To define an augmented map using PAM, user need to specify the parameters including type names and (static) functions in the entry structure ``entry''.

  • typename key_t: the key type (K),
  • function comp: K x K -> bool: the comparison function on K (<_K)
  • typename val_t: the value type (V),
  • typename aug_t: the augmented value type (A),
  • function from_entry: K x V -> A: the base function (g)
  • function combine: A x A -> A: the combine function (f)
  • function get_empty: empty -> A: the identity of f (I)
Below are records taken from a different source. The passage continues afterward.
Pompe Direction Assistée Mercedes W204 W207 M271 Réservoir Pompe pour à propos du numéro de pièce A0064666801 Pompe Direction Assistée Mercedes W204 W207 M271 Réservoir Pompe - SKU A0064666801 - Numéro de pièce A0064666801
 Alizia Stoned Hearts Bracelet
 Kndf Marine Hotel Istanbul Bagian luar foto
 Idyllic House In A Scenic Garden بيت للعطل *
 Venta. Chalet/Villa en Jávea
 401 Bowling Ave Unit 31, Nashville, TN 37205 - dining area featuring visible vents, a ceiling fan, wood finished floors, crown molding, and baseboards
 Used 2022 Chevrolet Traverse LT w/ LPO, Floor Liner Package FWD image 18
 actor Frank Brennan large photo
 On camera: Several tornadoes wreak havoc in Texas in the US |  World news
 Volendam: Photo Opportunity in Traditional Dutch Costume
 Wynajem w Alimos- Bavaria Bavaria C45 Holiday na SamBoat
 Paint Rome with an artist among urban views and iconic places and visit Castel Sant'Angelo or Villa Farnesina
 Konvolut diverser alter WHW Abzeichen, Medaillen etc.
Then an augmented map is defined with C++ template as

augmented_map<entry>.

Note that a plain ordered map is defined as an augmented map with no augmentation (i.e., it only has K, <_K and V in its entry) and a plain ordered set is similarly defined as an augmented map with no augmentation and no value type.

pam_map<entry>
pam_set<entry>

Here is an example of defining an augmented map "m" that has integer keys and values and is augmented with value sums (similar as the augmented sum example in our paper [1]):

struct entry {
  using key_t = int;
  using val_t = int;
  using aug_t = int;
  static bool comp(key_t a, key_t b) { 
    return a < b;}
  static aug_t get_empty() { return 0;}
  static aug_t from_entry(key_t k, val_t v) { 
    return v;}
  static aug_t combine(aug_t a, aug_t b) { 
    return a+b;}
};
augmented_map<entry> m;

Another quick example can be found in [2], which shows how to implement an interval tree using the PAM interface.

Hardware dependencies

Any modern (2010+) x86-based multicore machines. Relies on 128-bit CMPXCHG (requires -mcx16 compiler flag) but does not need hardware transactional memory (TSX). Most examples given in our scripts require 64GB memory, but range_query requires 256GB memory and aug_sum on the large input requires 1TB memory. All the examples can take smaller input size by setting command line arguments.

Software dependencies

PAM requires g++ 5.4.0 or later versions supporting the Cilk Plus extensions. The scripts that we provide in the repository use "numactl" for better performance. All tests can also run directly without "numactl".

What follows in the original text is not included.